(DATA SHOWN)
^^^^^^^^

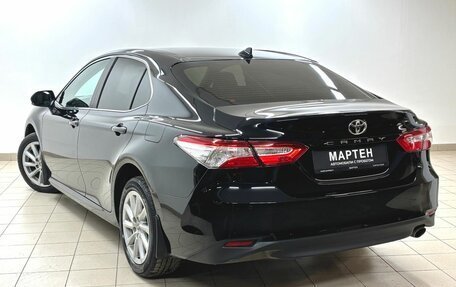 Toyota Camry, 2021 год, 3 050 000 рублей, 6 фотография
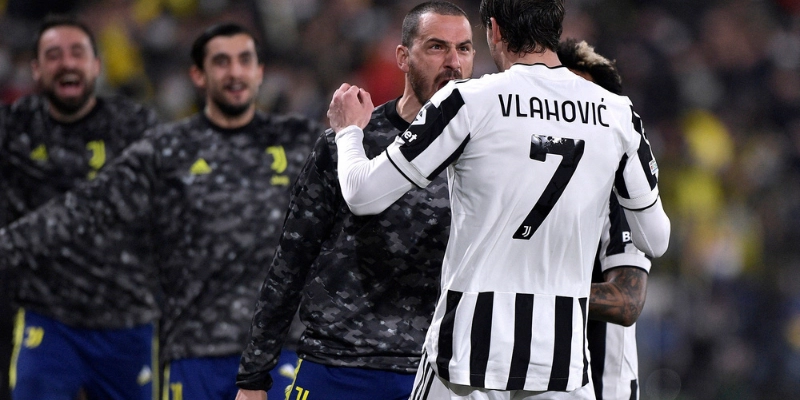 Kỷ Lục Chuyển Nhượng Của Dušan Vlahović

^^^^^^^^

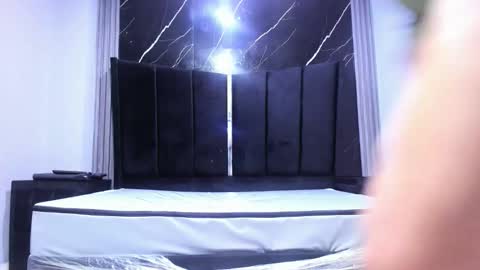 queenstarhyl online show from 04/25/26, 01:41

^^^^^^^^

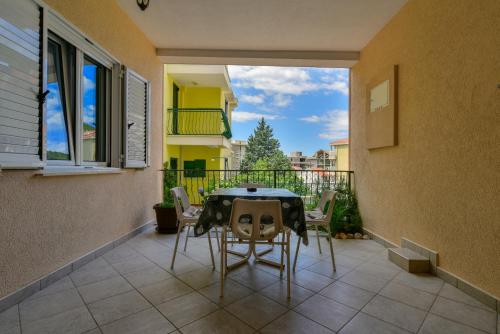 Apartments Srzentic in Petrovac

^^^^^^^^

(EXERCISE INSTRUCTIONS) What lines above run from the one with "Toyota Camry, 2021" to the one with "Kỷ Lục Chuyển Nhượng Của Dušan Vlahović"? Give them again exactly, ends included, and leave the pictures out.

(RESULT OF THE EXERCISE)
 Toyota Camry, 2021 год, 3 050 000 рублей, 6 фотография
 Kỷ Lục Chuyển Nhượng Của Dušan Vlahović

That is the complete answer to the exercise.